*TASK PROMPT:*
Which lines of the entries below run from the one holding "Avispa penfredonina, fosil" to the one holding "Kn�ra� mal� �ern�", inclusive? Set down exactly those lines and no others.

● ● ● ●

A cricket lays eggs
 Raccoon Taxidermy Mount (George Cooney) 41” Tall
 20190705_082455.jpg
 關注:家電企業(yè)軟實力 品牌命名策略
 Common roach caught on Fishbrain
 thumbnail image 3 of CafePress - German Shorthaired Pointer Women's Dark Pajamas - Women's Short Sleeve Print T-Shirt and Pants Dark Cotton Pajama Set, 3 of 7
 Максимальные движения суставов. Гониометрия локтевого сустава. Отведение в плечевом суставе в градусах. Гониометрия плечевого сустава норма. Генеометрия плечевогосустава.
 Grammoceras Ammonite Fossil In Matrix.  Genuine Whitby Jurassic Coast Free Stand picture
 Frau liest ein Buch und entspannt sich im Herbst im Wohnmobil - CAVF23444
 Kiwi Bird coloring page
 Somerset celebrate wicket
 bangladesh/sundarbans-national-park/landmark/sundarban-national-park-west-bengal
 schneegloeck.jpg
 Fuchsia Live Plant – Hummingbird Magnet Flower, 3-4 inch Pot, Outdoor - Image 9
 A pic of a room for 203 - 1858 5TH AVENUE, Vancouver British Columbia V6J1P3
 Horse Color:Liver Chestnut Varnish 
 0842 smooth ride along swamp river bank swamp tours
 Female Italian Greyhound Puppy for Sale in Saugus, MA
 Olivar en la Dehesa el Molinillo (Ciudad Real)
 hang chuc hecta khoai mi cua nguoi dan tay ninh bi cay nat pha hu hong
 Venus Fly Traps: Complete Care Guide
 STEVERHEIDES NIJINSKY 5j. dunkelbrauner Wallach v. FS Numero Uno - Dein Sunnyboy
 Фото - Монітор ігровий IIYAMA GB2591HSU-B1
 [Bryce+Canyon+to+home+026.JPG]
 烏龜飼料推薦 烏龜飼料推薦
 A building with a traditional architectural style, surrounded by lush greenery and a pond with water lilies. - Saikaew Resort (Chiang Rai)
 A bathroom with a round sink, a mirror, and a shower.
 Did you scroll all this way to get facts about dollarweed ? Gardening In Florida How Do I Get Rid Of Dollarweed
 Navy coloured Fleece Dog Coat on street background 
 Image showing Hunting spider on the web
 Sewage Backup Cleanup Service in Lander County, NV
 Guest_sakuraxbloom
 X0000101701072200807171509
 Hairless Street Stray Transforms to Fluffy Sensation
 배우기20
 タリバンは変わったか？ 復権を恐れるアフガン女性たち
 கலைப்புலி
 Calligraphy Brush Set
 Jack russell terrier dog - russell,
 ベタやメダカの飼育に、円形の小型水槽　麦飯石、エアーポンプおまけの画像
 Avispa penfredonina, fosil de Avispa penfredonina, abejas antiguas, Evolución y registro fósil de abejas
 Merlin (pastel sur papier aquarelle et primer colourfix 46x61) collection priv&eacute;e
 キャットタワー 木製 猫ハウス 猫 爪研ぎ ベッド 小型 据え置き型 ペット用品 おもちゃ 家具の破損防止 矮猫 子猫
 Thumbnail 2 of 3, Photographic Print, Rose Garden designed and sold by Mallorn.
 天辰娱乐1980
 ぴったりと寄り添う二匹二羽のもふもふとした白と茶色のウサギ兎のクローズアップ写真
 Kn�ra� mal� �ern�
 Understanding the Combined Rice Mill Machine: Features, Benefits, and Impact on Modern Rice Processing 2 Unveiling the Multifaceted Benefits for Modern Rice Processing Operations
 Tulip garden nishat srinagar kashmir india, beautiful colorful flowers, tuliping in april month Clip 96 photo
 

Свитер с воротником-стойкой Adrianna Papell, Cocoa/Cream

● ● ● ●

*EXERCISE RESULT:*
 Avispa penfredonina, fosil de Avispa penfredonina, abejas antiguas, Evolución y registro fósil de abejas
 Merlin (pastel sur papier aquarelle et primer colourfix 46x61) collection priv&eacute;e
 キャットタワー 木製 猫ハウス 猫 爪研ぎ ベッド 小型 据え置き型 ペット用品 おもちゃ 家具の破損防止 矮猫 子猫
 Thumbnail 2 of 3, Photographic Print, Rose Garden designed and sold by Mallorn.
 天辰娱乐1980
 ぴったりと寄り添う二匹二羽のもふもふとした白と茶色のウサギ兎のクローズアップ写真
 Kn�ra� mal� �ern�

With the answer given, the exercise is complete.